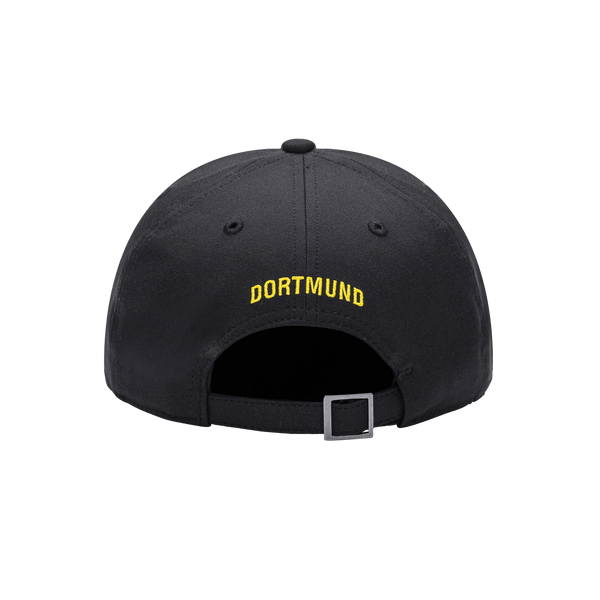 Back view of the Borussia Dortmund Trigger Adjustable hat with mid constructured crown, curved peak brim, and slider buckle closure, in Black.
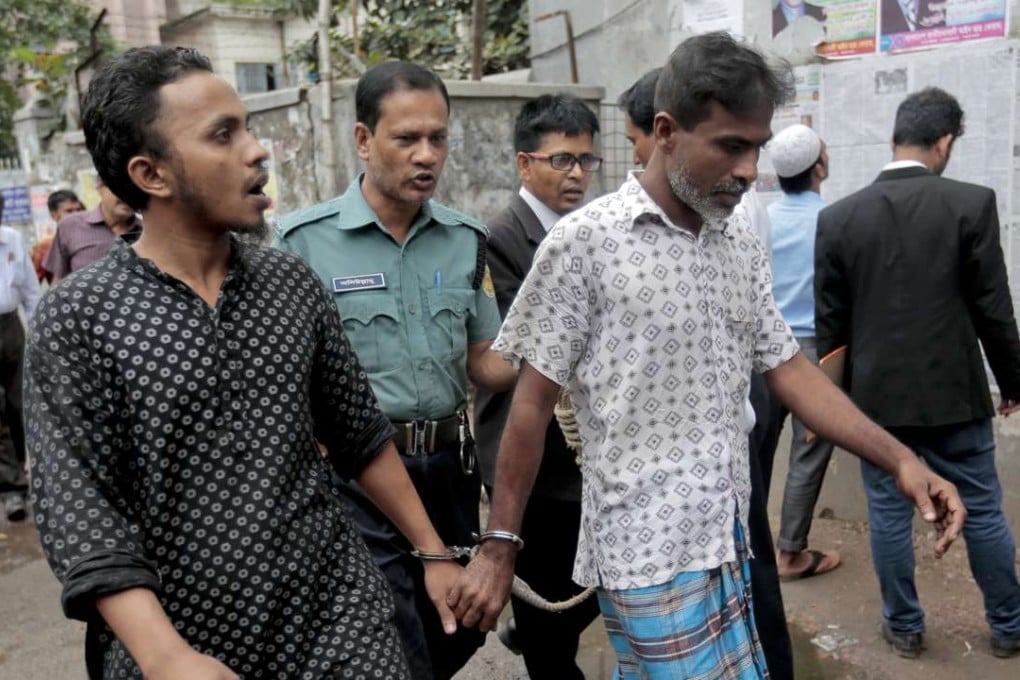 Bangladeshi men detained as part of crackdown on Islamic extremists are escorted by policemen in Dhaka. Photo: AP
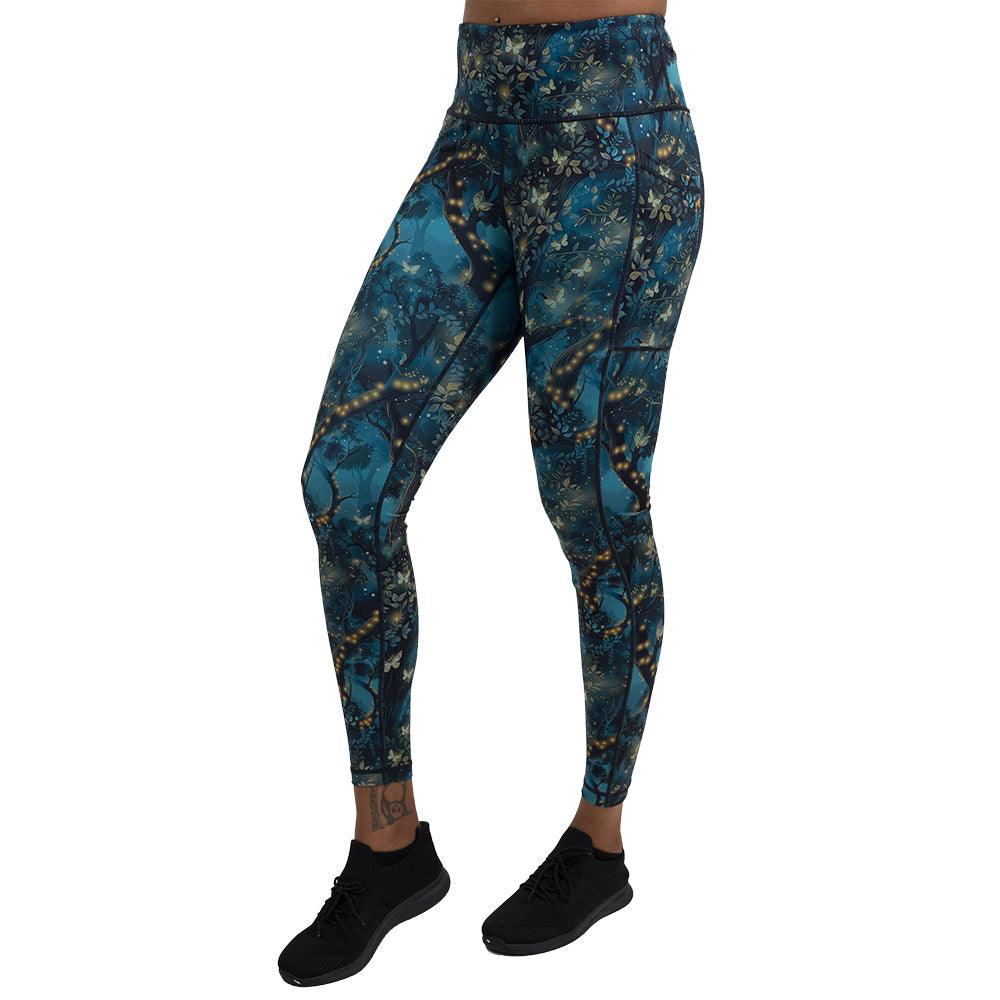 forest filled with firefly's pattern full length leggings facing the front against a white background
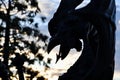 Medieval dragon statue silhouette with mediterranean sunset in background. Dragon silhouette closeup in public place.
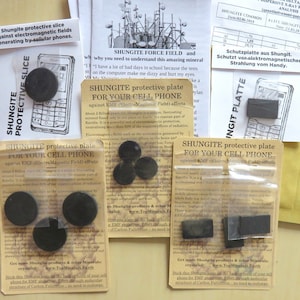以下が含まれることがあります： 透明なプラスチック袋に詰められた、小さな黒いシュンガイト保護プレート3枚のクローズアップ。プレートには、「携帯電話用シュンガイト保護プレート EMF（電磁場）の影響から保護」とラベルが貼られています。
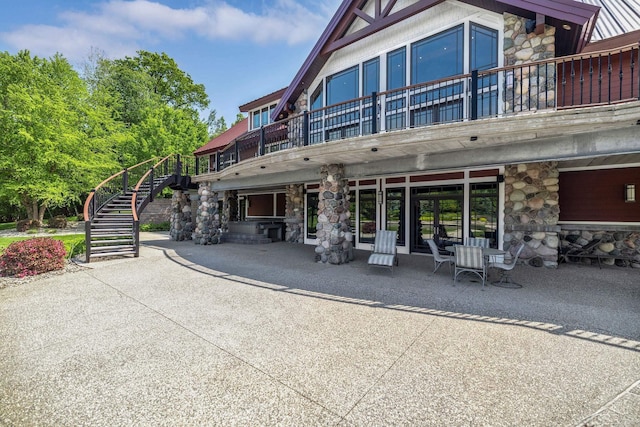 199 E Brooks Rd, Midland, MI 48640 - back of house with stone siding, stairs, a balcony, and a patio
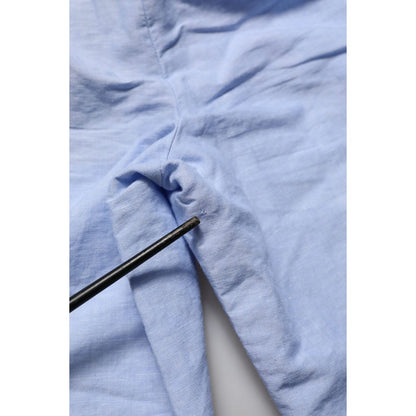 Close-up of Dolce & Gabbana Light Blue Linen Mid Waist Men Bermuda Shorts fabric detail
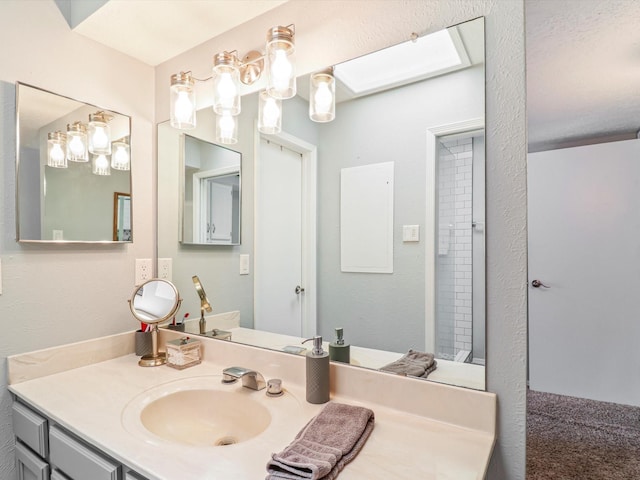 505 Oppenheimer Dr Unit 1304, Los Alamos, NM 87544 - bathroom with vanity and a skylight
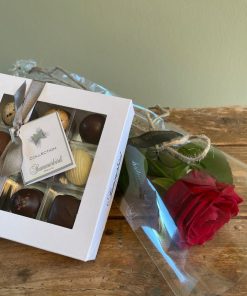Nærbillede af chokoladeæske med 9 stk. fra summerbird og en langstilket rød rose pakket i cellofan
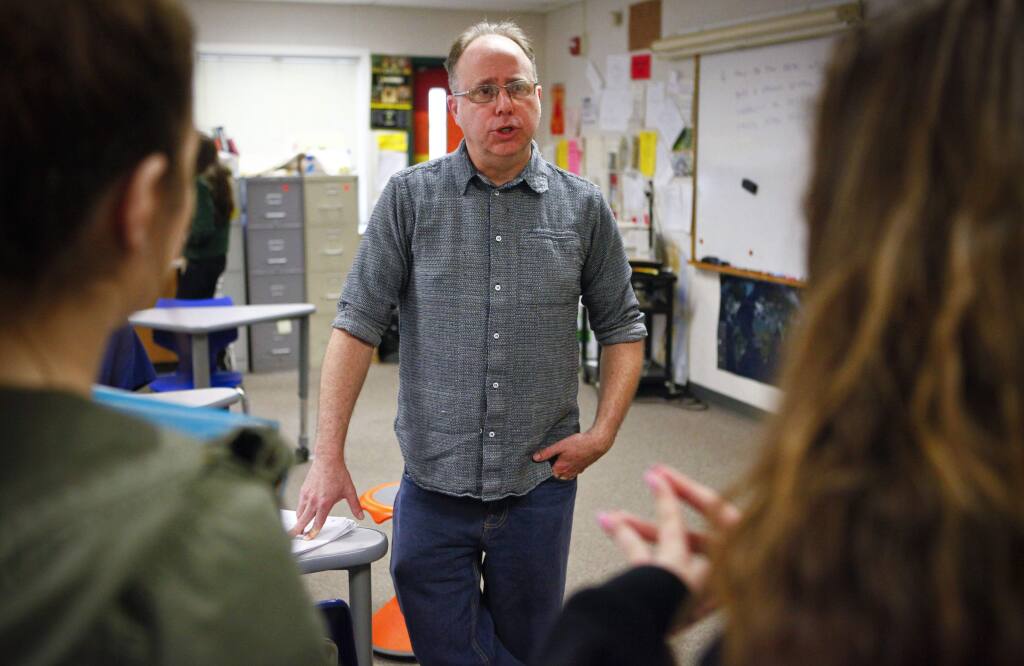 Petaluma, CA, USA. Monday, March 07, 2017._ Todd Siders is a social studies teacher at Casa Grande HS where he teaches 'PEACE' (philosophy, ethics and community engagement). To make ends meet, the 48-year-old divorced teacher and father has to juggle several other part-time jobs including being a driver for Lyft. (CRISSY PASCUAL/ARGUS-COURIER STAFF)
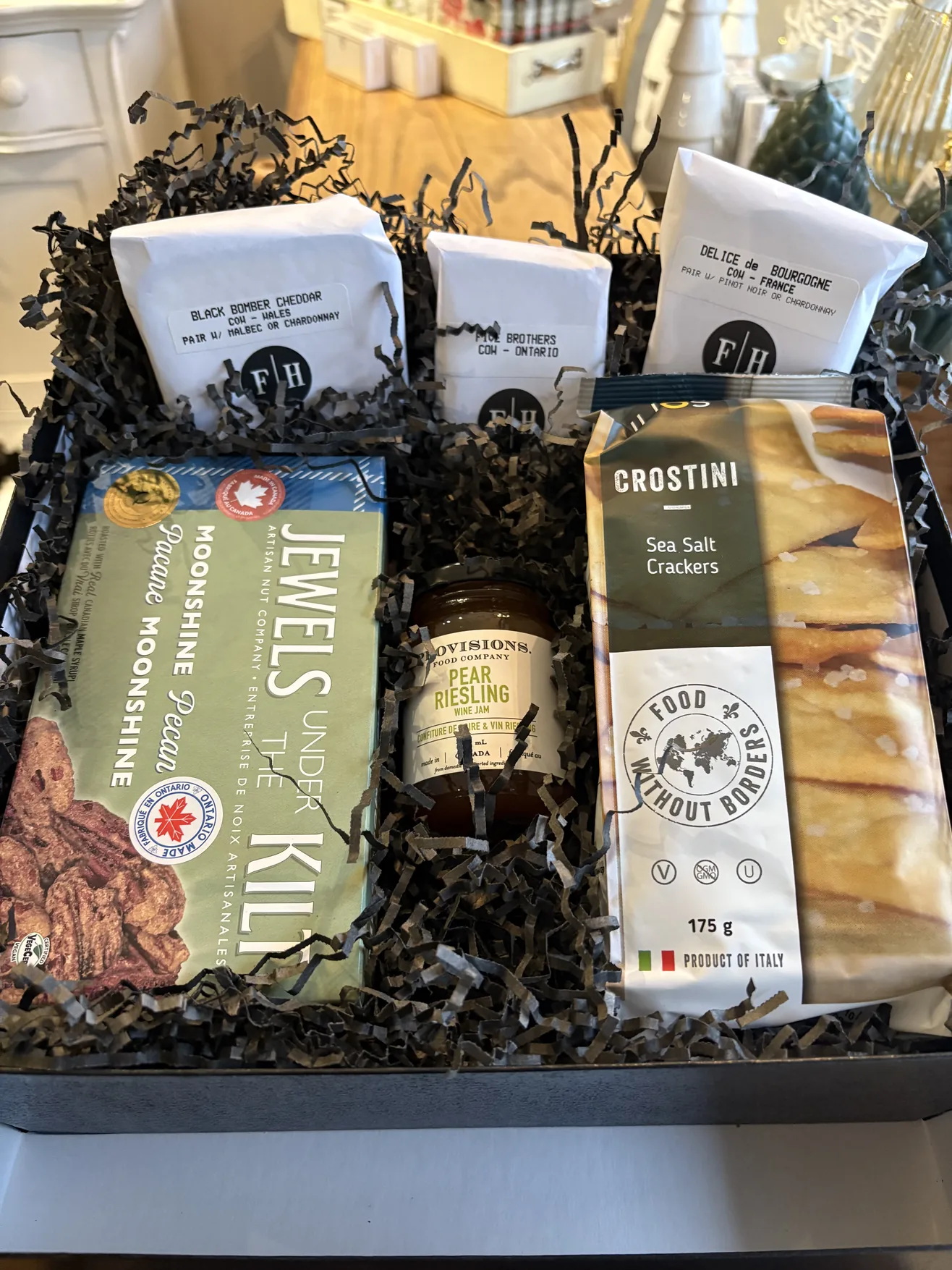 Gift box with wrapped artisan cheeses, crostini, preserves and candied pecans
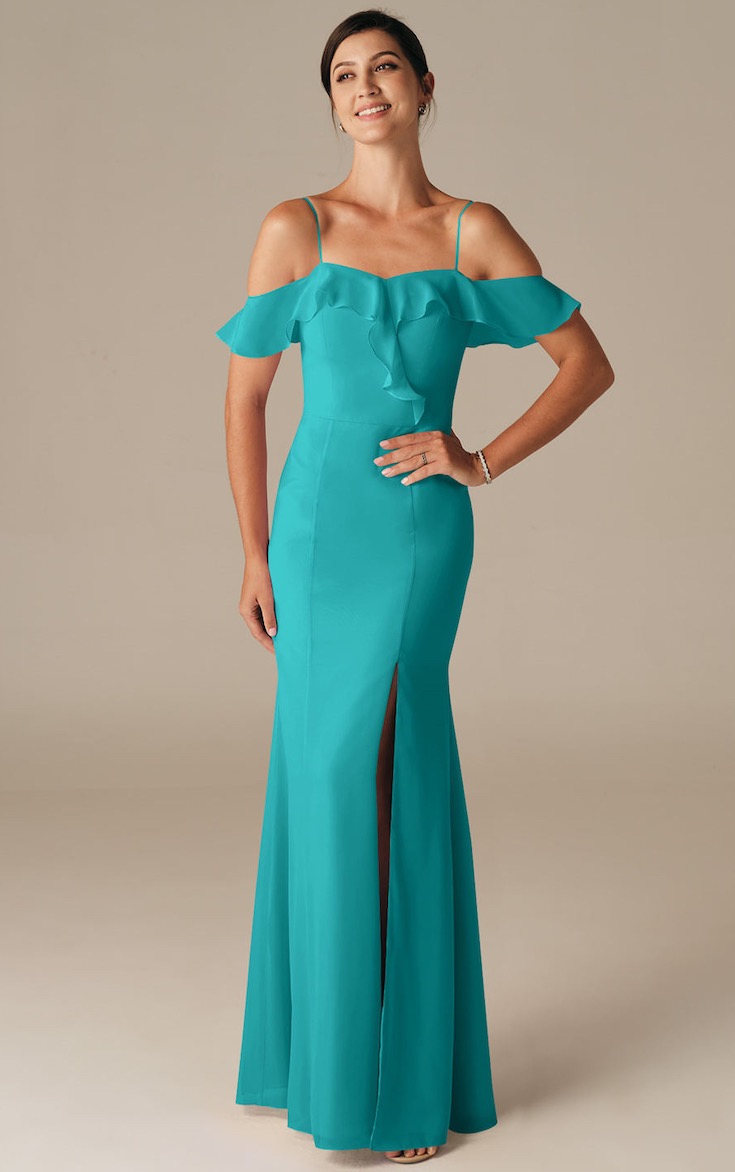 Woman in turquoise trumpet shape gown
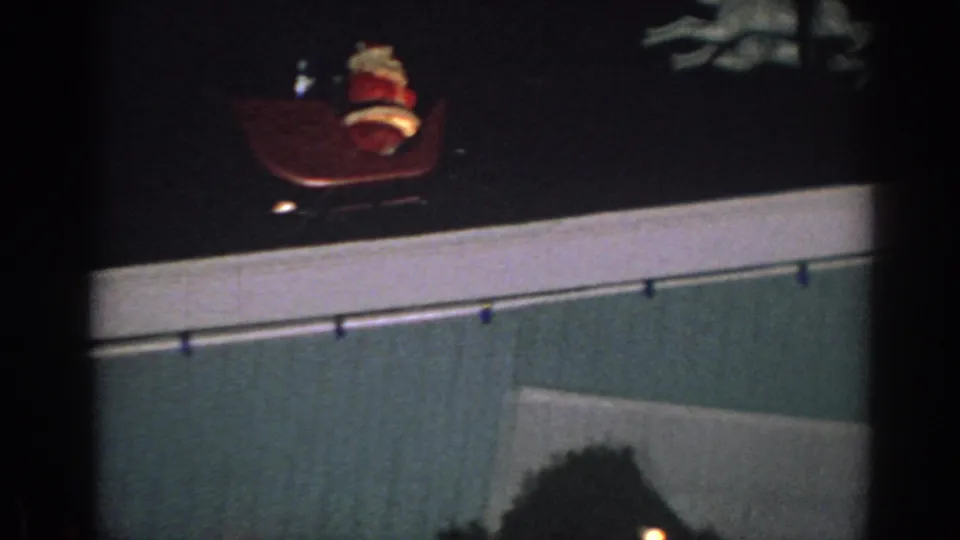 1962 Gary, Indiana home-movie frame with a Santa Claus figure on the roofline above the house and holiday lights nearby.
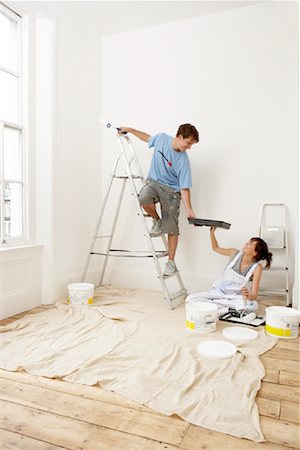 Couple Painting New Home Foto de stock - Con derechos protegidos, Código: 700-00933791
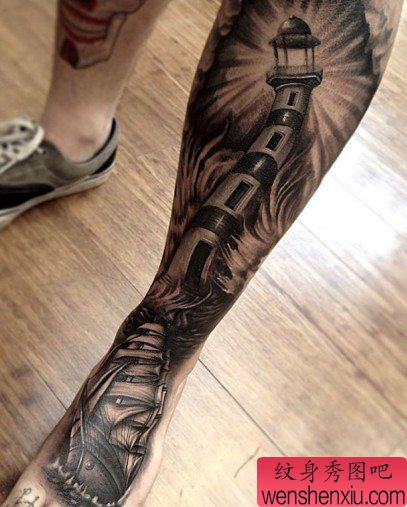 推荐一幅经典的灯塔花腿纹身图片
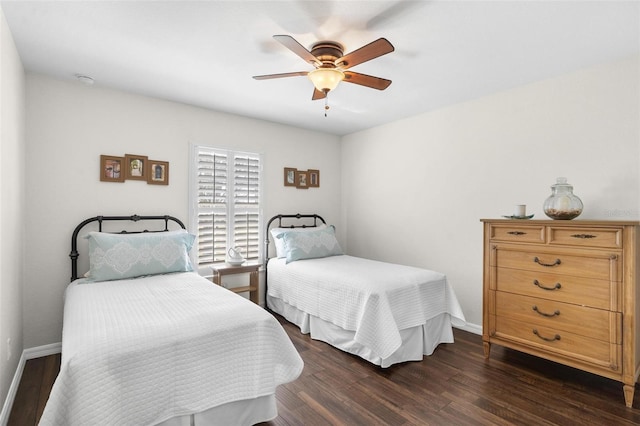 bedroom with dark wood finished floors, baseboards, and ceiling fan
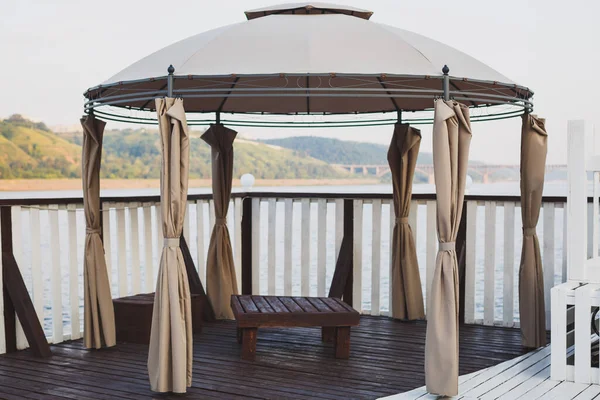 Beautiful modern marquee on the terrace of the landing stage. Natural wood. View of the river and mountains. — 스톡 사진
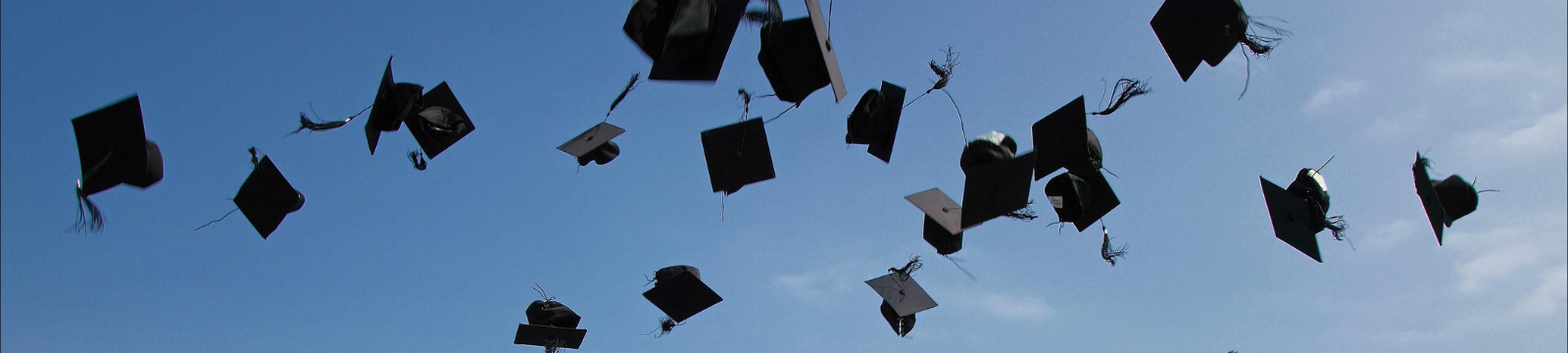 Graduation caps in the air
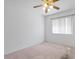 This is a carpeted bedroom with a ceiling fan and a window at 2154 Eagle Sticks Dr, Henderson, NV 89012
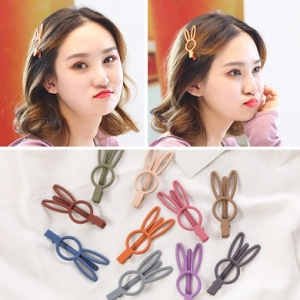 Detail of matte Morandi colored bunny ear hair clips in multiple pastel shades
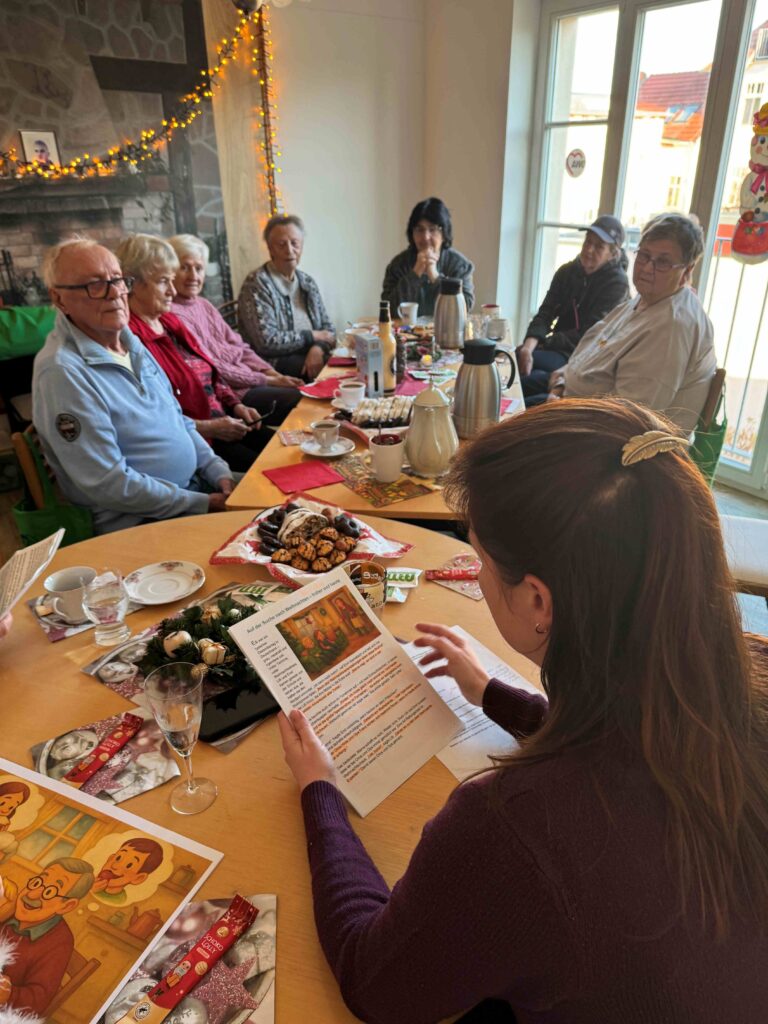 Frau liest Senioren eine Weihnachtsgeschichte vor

----------

> **What you have to do**
Your output should consist solely of the lines from the line containing "bedroom with dark" through the last line of the entries, verbatim, minus any pictures.

> **Your response**
 bedroom with dark wood finished floors, baseboards, and ceiling fan
 Beautiful modern marquee on the terrace of the landing stage. Natural wood. View of the river and mountains. — 스톡 사진
 Graduation caps in the air
 This is a carpeted bedroom with a ceiling fan and a window at 2154 Eagle Sticks Dr, Henderson, NV 89012
 Detail of matte Morandi colored bunny ear hair clips in multiple pastel shades
 Frau liest Senioren eine Weihnachtsgeschichte vor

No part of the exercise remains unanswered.